Assuming the American public hears something from Washington that calms them down and allows them to regain some confidence in the economic system, Weibert thinks the markets — both stock and commodities — will find a bottom and some stability. “Based upon that, we should see a bottom in the commodities markets and hopefully a resurgence in price.”

The recent drop in corn prices, as well as in the feeder-cattle market, gives the feeding industry more reason to be optimistic, he says, in terms of buying inputs and selling fed cattle at breakeven or for a profit in 2009.

“So there's reason for the feeding industry to be feeling better about the coming year, but it's been a tough go to get to this point and a lot of people have been squeezed in the process,” he says.

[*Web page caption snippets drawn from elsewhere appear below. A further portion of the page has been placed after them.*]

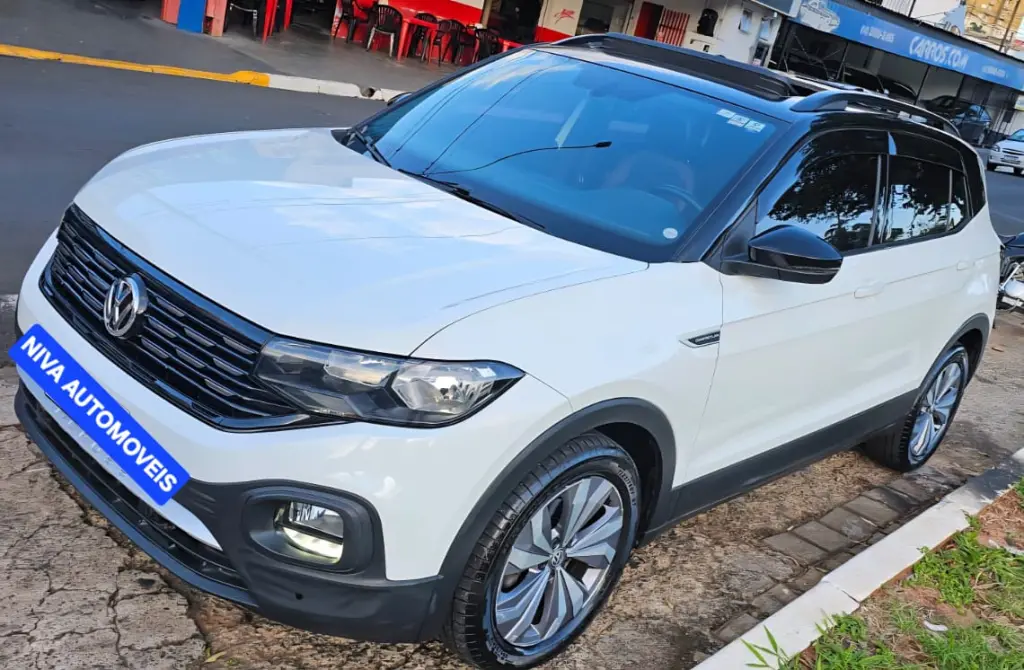 VOLKSWAGEN T-Cross - Foto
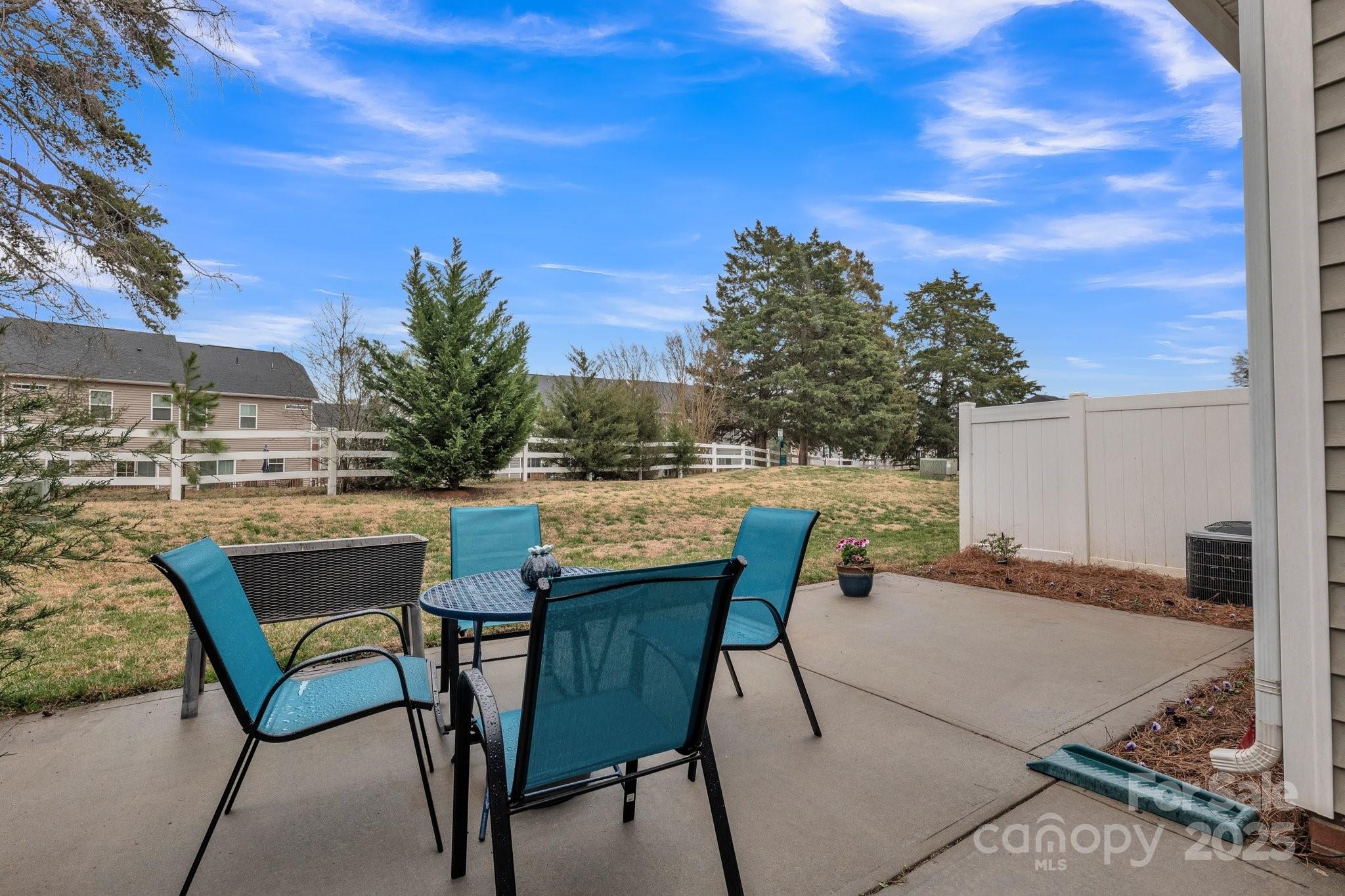 Fairway Townes - Residential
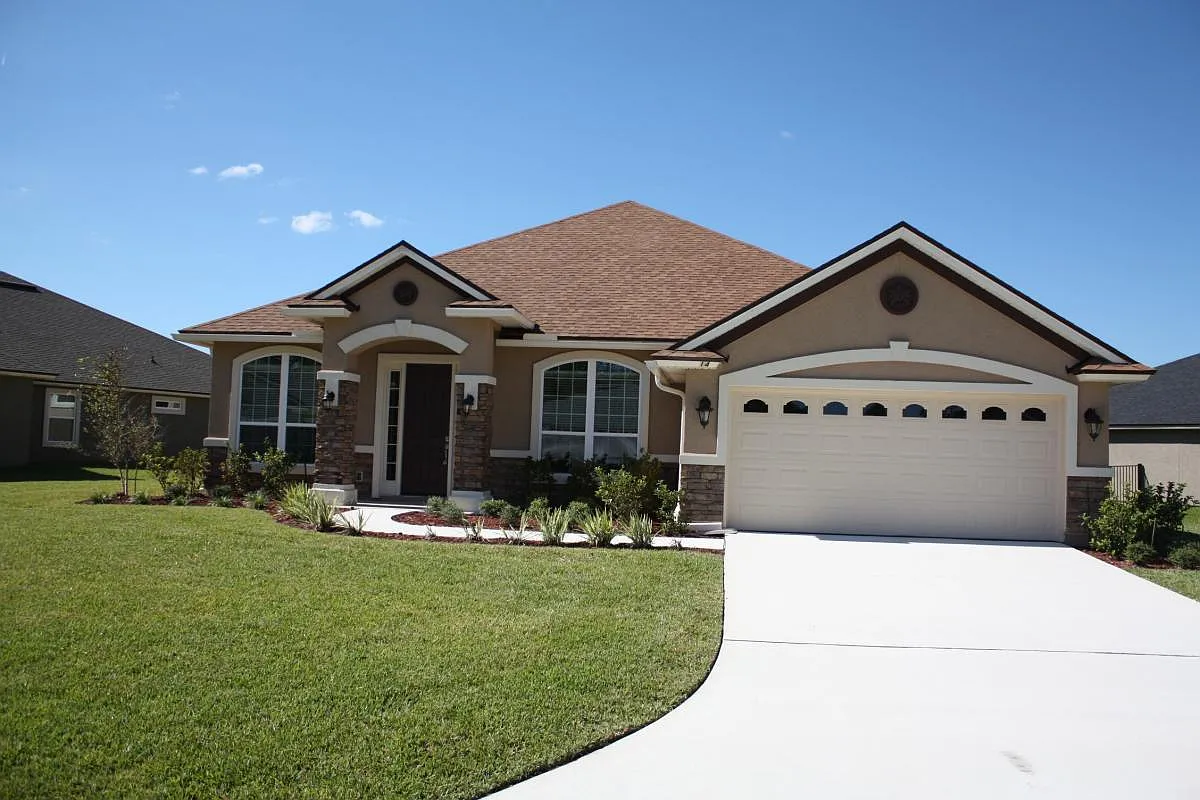 214 Flora Lake Circle — Photo 1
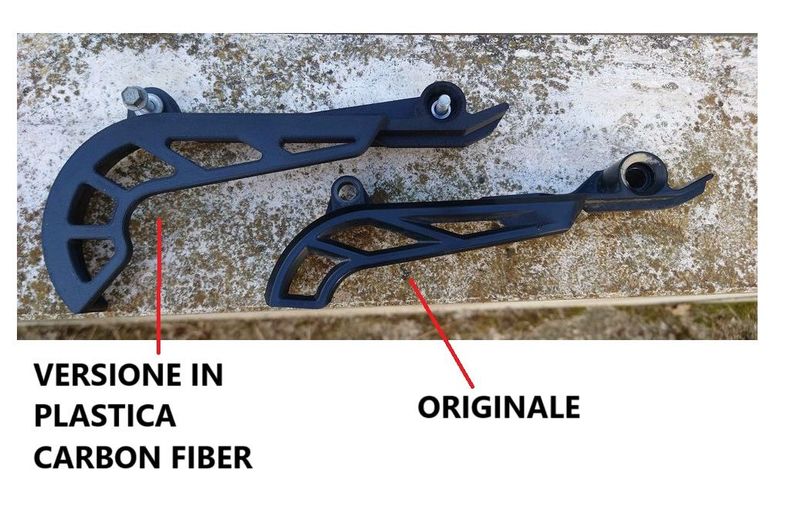 Protezione Pignone in plastica alta resistenza carbon fiber colore NERO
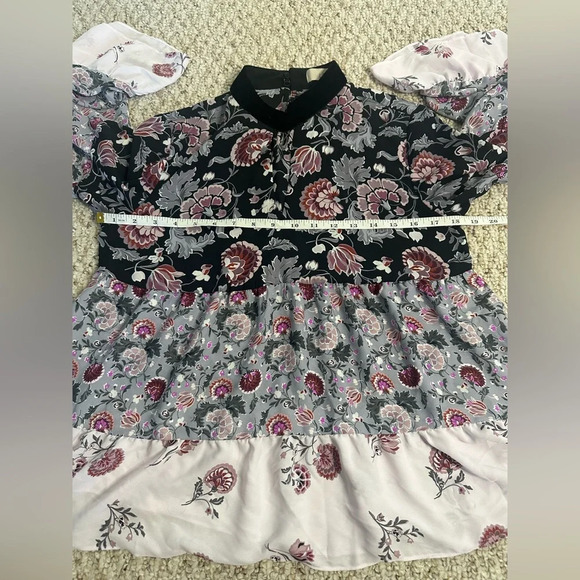 LOFT Black and Pink Graphic Long Sleeve Blouse size XS - Picture 8 of 10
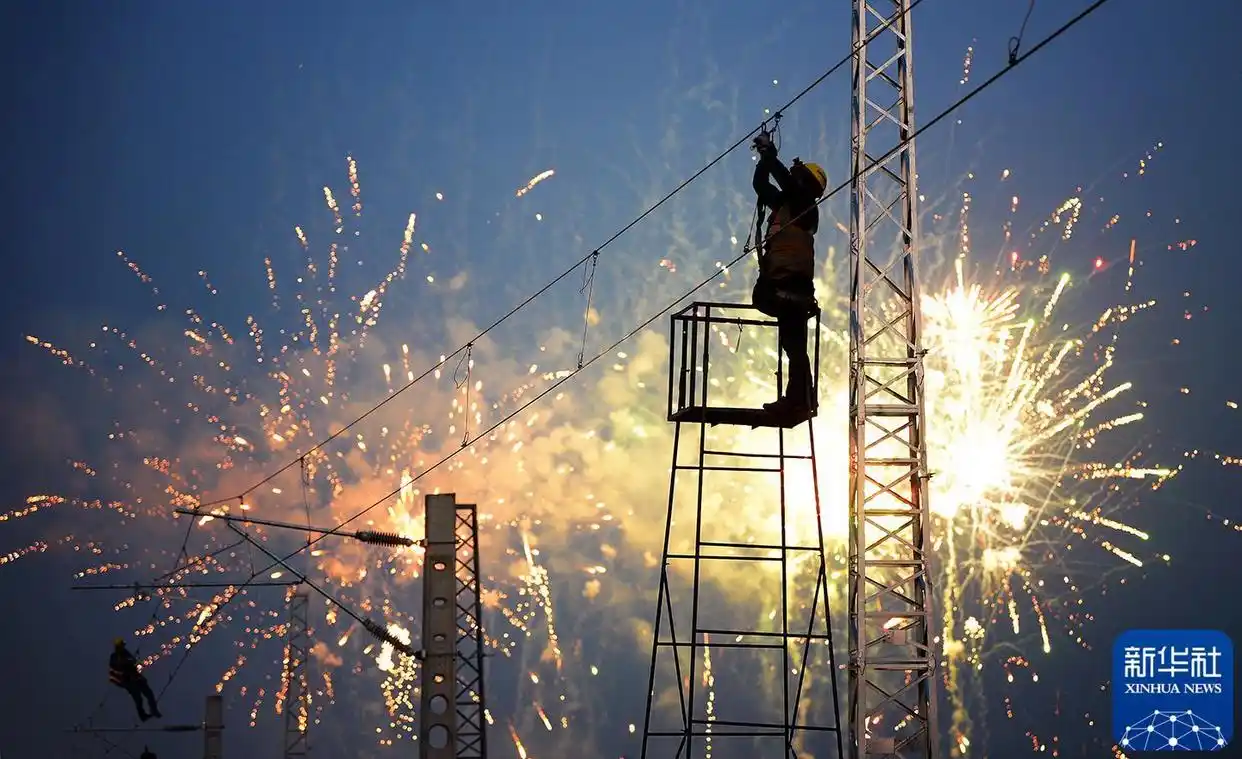 “国社之镜·世纪光影”新华社新闻摄影展｜时空巨变（下篇）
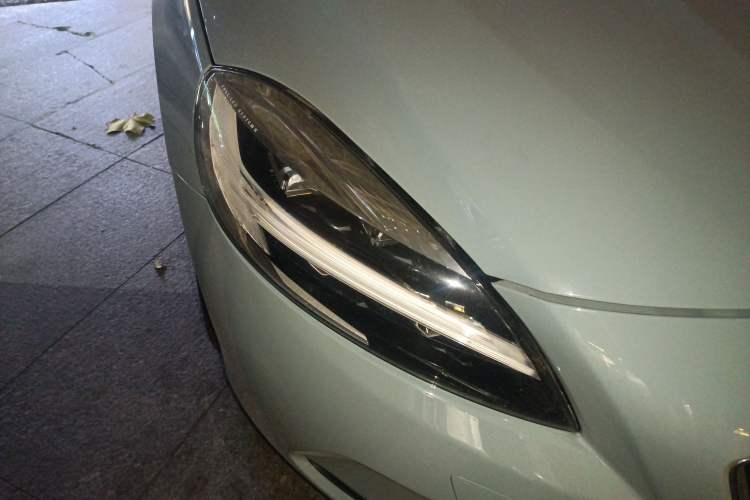 Used Volvo V40 2019 T3 Zhiyi Edition
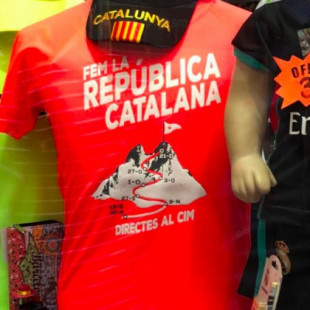 Una empresa de Murcia comercializa copias de la camiseta de la ANC para el 11 de septiembre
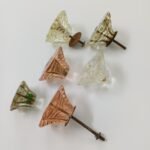 Vintage γυάλινα χερούλια επίπλου (σχέδια λουλουδιών- 3 αποχρώσεις) (LOT 6 τεμαχίων) - Image 2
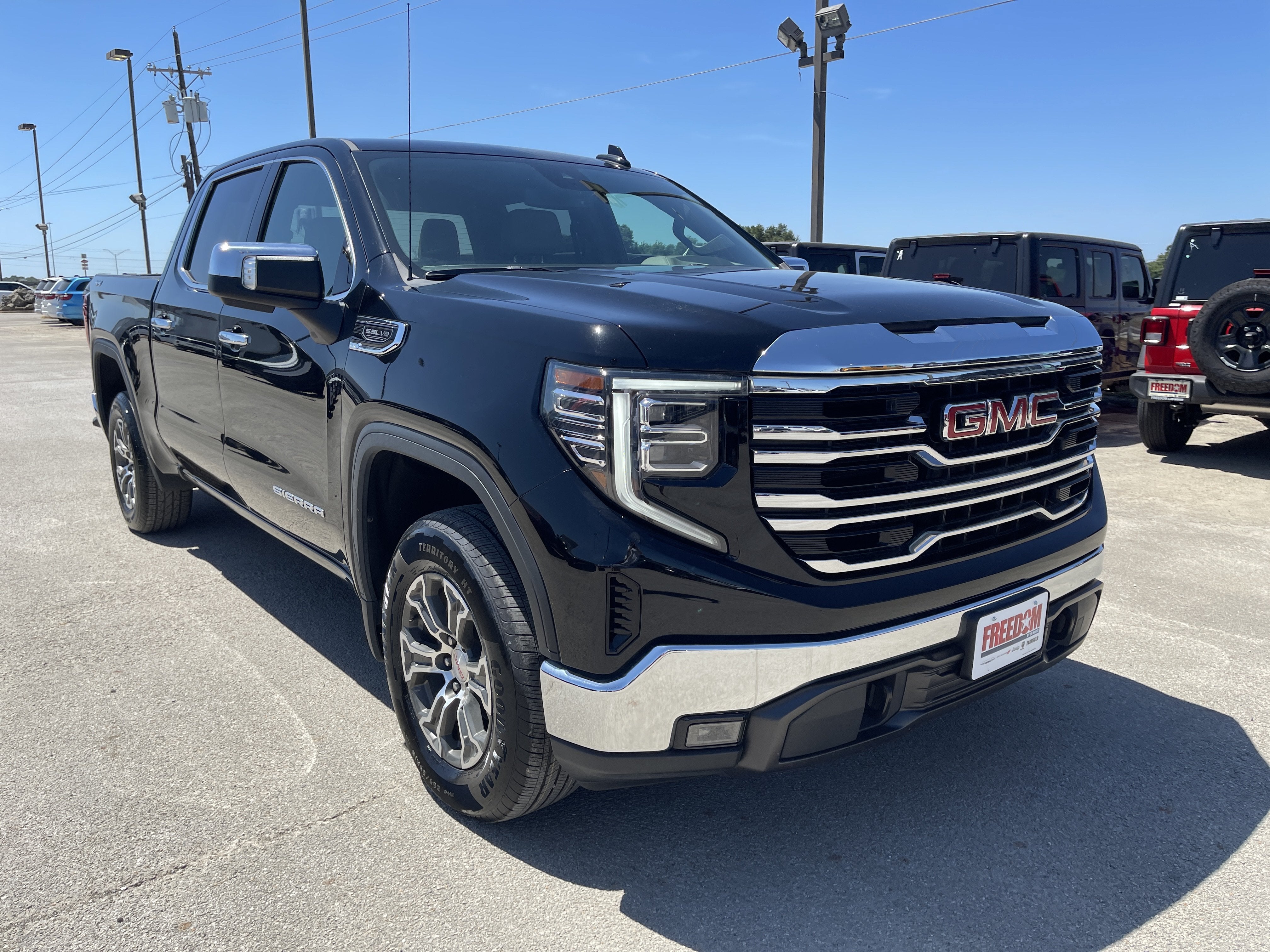 2025 GMC Sierra 1500 SLT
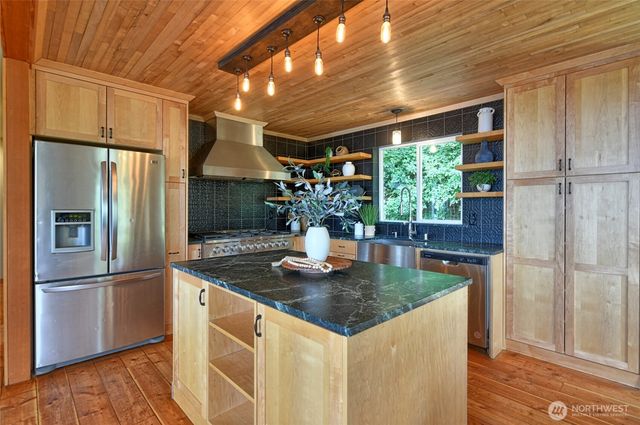 305 Baker Way, Camano Island, WA 98282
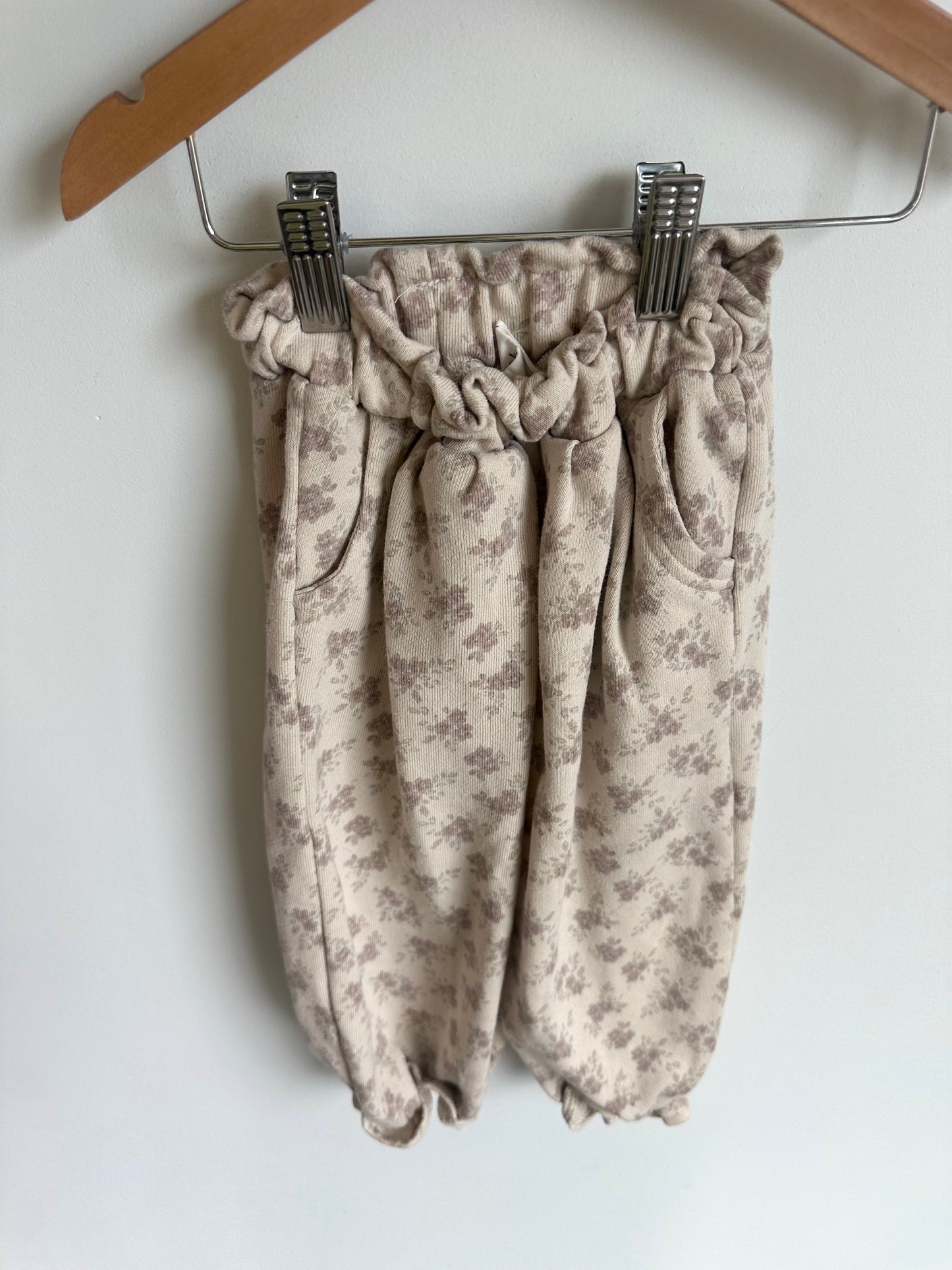 Cream Floral Joggers / 2T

While consumers view the current economic situation with trepidation, they will continue to eat beef, Weibert believes.

“They might slow down eating it at the very high-end restaurants, but they'll keep eating it either at home or in the mid-priced restaurants, as well as the quick-service restaurants,” he says. “Therefore, the demand for beef looks like it's going to hold, so that's good from (the industry's) perspective.”